Three months after the revolution of February 1917, the continuation of the war and the preparation of a new offensive cause serious shortages in the cities and accelerate the deterioration of the economy. Hoping to break the fighting spirit of the workers, the industrialists take to sabotaging production and to closing their factories over the slightest pretext.

However, this has the opposite effect: in each factory, in each industrial center, the bosses’ acts of sabotage provoke the intervention of the workers. In fact, they impose their control over production. Becoming aware of the hesitations on the part of the leaders of the Soviets, they come to agree with the Bolsheviks.
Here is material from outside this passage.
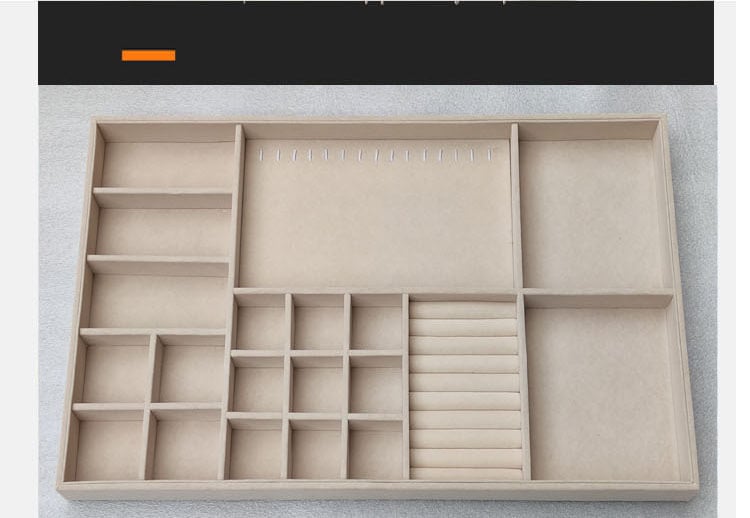 CHUHANG Popierinė juvelyrinių dėžutė su įmontuotu dėklu, stalinis saugojimas, 1 aukštas, dulkėms atspari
In The History of the Russian Revolution, Trotsky analyzes this power struggle:

“The bourgeoisie as a whole was entering upon a policy of economic defeatism. Temporary losses and deficits due to economic paralysis were in their eyes the overhead expenses of a struggle with the revolution which threatened the foundations of ‘culture.’ At the same time the virtuous press was accusing the workers from day to day of maliciously sabotaging industry, stealing raw materials, unnecessarily burning up fuel in order to produce stoppages. The falsity of these accusations exceeded all bounds…

“The Council of the United Industries [an organization of the bosses] recommended to its members to close up the enterprises one at a time, seeking out a respectable pretext. This plan of a creeping lockout was carried systematically .... Having prepared the political setting, the industrialists passed from words to deeds. In the course of March and April, 129 small plants involving 9,000 workers were shut down; in May, 108 with a like number of workers; in June, 125 plants with 38,000 workers were shut down; in July, 206 plants threw out on the streets 48,000 workers. The lockout developed in a geometric progression.”

Faced with this catastrophe and with the pressure of the workers, the Executive Committee of the Soviets begged the government to take upon itself, “the task of a planned organization of the national industry and labor.” This caused Lenin to remark: “The program is excellent. Both the control and the governmentalizing of the trusts, also the struggle with speculation, and liability for labor…. It is necessary to recognize this program of ‘frightful’ Bolshevism, for no other program and no other way out of the actually threatening terrible collapse can be found.” Trotsky adds: “However, the whole question was: Who was to carry out this excellent program? Would it be the Coalition? The answer was given immediately. The day after the adoption by the Executive Committee of the economic program, the Minister of Trade and Industry, Konovalov, resigned and slammed the door behind him ....

“The strikes were especially stormy among the more backward and exploited groups of workers. Laundry workers, dyers, coopers, trade and industrial clerks, structural workers, bronze workers, unskilled workers, shoemakers, paper-box makers, sausage makers, furniture workers, were striking, layer after layer, throughout the month of June.... To the advanced workers, it was becoming more and more clear that individual economic strikes in the conditions of war, breakdown and inflation could not bring a serious improvement, that there must be some change in the very foundations. The lockout not only made the workers favorable to the demand for the control of industry, but even pushed them toward the thought of the necessity of taking the factories into the hands of the state. This inference seemed the more natural in that the majority of private factories were working for the war, and that alongside them were state enterprises of the same type ....

“The growth of strikes, and of the class struggle in general, almost automatically raised the influence of the Bolsheviks. In all cases where it was a question of life-interests, the workers became convinced that the Bolsheviks had no ulterior motives, that they were concealing nothing, and that you could rely on them. In the hours of conflict, all the workers tended toward the Bolsheviks, the non-party workers, the Social Revolutionaries, the Mensheviks .... At a conference of the factory and shop committees of Petrograd and its environs at the beginning of June, the Bolshevik resolution won 335 out of 421 votes.”